Is Engineering & Scientific a Good Job Market in Kansas City, MO-KS?
Produced by Callings.ai on June 10, 2026
Executive Verdict
Market rating: competitive | Confidence: Medium
Kansas City is a workable but selective Engineering & Scientific market right now: metro unemployment was 3.3% in April 2026, and Missouri Engineering & Scientific employment was up 4.0% year over year in May while statewide employment across all occupations was essentially flat.[1][2] Local opportunity is real—more than 450 postings across more than 200 companies were observed over the last 90 days—but most openings skew mid and senior rather than entry level.[3][4] The main near-term drag is competition: Oracle America filed a Kansas City layoff notice affecting 539 employees for May 26 through June 1, 2026, including engineering-related roles.[5]

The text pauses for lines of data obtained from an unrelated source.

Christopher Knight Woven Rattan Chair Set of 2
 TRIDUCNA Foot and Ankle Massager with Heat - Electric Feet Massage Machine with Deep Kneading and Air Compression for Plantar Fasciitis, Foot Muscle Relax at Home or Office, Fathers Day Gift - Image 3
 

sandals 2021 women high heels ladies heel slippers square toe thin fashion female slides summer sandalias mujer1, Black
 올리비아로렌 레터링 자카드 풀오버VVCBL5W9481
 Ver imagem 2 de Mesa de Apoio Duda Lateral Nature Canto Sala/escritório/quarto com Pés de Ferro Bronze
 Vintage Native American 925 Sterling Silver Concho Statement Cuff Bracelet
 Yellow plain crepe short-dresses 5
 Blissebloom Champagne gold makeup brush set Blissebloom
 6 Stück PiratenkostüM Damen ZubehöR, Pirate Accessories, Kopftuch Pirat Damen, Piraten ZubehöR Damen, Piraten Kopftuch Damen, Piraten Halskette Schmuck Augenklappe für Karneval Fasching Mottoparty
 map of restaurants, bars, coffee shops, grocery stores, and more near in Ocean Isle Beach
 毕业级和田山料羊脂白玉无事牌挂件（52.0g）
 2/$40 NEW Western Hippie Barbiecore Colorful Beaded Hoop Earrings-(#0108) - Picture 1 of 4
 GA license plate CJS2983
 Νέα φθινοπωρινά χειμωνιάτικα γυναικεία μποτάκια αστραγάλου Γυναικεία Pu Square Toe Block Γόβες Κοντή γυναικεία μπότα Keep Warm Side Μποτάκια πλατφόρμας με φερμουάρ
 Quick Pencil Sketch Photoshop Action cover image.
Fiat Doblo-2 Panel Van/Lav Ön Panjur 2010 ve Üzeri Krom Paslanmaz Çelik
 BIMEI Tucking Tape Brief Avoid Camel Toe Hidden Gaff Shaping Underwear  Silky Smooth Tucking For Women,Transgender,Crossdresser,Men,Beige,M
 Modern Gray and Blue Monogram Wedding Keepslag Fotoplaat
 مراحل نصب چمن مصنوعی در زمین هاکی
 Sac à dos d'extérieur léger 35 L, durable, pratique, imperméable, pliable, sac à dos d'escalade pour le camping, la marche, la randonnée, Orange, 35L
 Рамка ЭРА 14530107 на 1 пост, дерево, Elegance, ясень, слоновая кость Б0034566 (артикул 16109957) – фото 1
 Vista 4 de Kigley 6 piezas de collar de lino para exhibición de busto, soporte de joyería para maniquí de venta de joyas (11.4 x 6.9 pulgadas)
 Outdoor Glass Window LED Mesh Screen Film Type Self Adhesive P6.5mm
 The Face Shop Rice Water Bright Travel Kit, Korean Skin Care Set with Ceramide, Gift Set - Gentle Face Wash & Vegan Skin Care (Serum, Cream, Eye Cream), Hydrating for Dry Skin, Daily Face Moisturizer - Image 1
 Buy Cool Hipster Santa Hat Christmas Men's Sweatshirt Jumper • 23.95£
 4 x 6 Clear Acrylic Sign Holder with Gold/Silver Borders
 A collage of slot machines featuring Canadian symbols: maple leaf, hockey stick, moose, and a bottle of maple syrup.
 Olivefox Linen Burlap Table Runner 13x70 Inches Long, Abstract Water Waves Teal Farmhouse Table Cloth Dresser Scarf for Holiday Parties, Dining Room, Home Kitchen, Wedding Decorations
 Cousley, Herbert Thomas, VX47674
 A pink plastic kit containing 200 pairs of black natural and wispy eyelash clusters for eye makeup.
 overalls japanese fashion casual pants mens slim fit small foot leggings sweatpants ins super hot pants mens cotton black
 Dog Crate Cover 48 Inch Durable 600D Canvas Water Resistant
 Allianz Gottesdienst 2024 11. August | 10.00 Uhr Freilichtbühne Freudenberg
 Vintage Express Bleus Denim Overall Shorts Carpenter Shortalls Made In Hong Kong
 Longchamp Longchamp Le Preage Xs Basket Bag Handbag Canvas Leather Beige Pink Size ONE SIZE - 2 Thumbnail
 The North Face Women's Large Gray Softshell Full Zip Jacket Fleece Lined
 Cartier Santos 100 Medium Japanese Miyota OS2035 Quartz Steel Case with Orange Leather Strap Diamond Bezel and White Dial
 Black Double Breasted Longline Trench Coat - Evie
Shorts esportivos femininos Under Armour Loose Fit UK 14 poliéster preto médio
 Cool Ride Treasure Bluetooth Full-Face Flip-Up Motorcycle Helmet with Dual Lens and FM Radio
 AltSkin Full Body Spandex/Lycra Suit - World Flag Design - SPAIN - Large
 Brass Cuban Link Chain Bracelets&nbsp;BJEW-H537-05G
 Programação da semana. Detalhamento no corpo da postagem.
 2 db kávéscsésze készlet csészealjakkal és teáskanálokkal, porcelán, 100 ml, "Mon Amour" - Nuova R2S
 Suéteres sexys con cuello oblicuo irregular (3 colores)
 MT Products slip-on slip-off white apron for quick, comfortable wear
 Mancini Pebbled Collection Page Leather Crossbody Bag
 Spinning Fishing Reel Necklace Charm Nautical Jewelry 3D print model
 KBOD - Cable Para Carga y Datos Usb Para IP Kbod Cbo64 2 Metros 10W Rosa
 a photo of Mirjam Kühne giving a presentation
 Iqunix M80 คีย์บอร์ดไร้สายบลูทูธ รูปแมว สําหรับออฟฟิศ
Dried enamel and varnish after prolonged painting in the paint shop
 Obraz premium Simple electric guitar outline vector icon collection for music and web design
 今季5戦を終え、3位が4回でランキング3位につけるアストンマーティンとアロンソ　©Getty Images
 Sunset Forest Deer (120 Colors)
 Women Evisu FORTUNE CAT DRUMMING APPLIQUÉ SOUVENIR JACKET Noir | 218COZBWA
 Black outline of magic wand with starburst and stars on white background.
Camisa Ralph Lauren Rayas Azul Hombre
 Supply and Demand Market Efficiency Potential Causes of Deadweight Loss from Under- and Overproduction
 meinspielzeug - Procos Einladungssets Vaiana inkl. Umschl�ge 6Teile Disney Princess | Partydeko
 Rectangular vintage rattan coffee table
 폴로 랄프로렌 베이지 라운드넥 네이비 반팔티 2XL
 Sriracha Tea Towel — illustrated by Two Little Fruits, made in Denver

Best positioned: Candidates with several years of delivered project work, strong systems/design tools, and flexibility for on-site or hybrid roles have the best odds right now.
Main caution: Do not confuse a healthy market with an easy one; only about 15% of sampled postings were entry level and only about 10% were remote.[4][6]
What Changed Recently
- Missouri Engineering & Scientific employment grew 4.0% year over year by May 2026, while Missouri employment across all occupations was essentially flat.[2]: That suggests this category is holding up better than the broader state labor market, even if hiring still feels selective.
- Active Missouri Engineering & Scientific postings were up 1.2% year over year, compared with a 6.1% decline in postings across all occupations statewide.[7]: Openings are not surging, but this field is more resilient than the average Missouri job market.
- Nationally, job openings rose 7.3260% year over year in April 2026, but hires fell 5.1011% and quits fell 5.3117%.[8][9][10]: For Kansas City applicants, that usually means more requisitions stay posted while employers screen harder and move slower.
- Oracle America filed a Kansas City layoff notice affecting 539 employees for May 26 through June 1, 2026.[5]: That can add experienced technical candidates to the local market in the same window you are applying.
What This Means for You
Entry-Level Candidates
Difficulty: High.
Best target: On-site design, drafting, QA, and project-support roles where Revit, AutoCAD, and project management show up repeatedly in local postings.[11][6]
Biggest mistake: Applying only to remote R&D roles or generic engineer titles without showing concrete project work, drawings, lab results, or build documentation.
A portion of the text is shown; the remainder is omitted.